### Action item
From the line containing "SYX SYX Icy Cola Extra Strong SYX" down to the last line of the records below, give every line again without any change.

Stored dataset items

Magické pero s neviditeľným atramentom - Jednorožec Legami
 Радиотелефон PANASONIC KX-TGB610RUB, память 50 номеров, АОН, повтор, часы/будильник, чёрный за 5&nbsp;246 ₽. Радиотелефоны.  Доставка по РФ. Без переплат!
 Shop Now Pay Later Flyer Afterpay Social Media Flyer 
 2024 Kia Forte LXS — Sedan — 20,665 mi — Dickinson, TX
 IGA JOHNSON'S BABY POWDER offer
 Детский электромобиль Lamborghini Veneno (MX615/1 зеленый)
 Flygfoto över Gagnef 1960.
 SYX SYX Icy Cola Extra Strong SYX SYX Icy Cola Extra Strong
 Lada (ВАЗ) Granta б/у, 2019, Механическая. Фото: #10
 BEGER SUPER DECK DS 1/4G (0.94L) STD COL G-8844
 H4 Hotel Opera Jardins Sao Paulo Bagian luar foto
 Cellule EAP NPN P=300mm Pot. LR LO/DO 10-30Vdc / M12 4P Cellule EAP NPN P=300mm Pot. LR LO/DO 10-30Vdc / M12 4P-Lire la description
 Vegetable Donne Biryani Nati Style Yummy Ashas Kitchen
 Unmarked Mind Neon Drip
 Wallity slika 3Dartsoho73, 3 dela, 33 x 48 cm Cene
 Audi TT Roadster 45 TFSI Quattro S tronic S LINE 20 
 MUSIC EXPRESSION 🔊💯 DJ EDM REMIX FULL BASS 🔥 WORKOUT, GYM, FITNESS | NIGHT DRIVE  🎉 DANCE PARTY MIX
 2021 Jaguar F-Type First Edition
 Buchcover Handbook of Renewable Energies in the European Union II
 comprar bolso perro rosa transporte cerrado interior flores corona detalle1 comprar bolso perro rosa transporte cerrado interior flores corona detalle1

### Answer to this task
 SYX SYX Icy Cola Extra Strong SYX SYX Icy Cola Extra Strong
 Lada (ВАЗ) Granta б/у, 2019, Механическая. Фото: #10
 BEGER SUPER DECK DS 1/4G (0.94L) STD COL G-8844
 H4 Hotel Opera Jardins Sao Paulo Bagian luar foto
 Cellule EAP NPN P=300mm Pot. LR LO/DO 10-30Vdc / M12 4P Cellule EAP NPN P=300mm Pot. LR LO/DO 10-30Vdc / M12 4P-Lire la description
 Vegetable Donne Biryani Nati Style Yummy Ashas Kitchen
 Unmarked Mind Neon Drip
 Wallity slika 3Dartsoho73, 3 dela, 33 x 48 cm Cene
 Audi TT Roadster 45 TFSI Quattro S tronic S LINE 20 
 MUSIC EXPRESSION 🔊💯 DJ EDM REMIX FULL BASS 🔥 WORKOUT, GYM, FITNESS | NIGHT DRIVE  🎉 DANCE PARTY MIX
 2021 Jaguar F-Type First Edition
 Buchcover Handbook of Renewable Energies in the European Union II
 comprar bolso perro rosa transporte cerrado interior flores corona detalle1 comprar bolso perro rosa transporte cerrado interior flores corona detalle1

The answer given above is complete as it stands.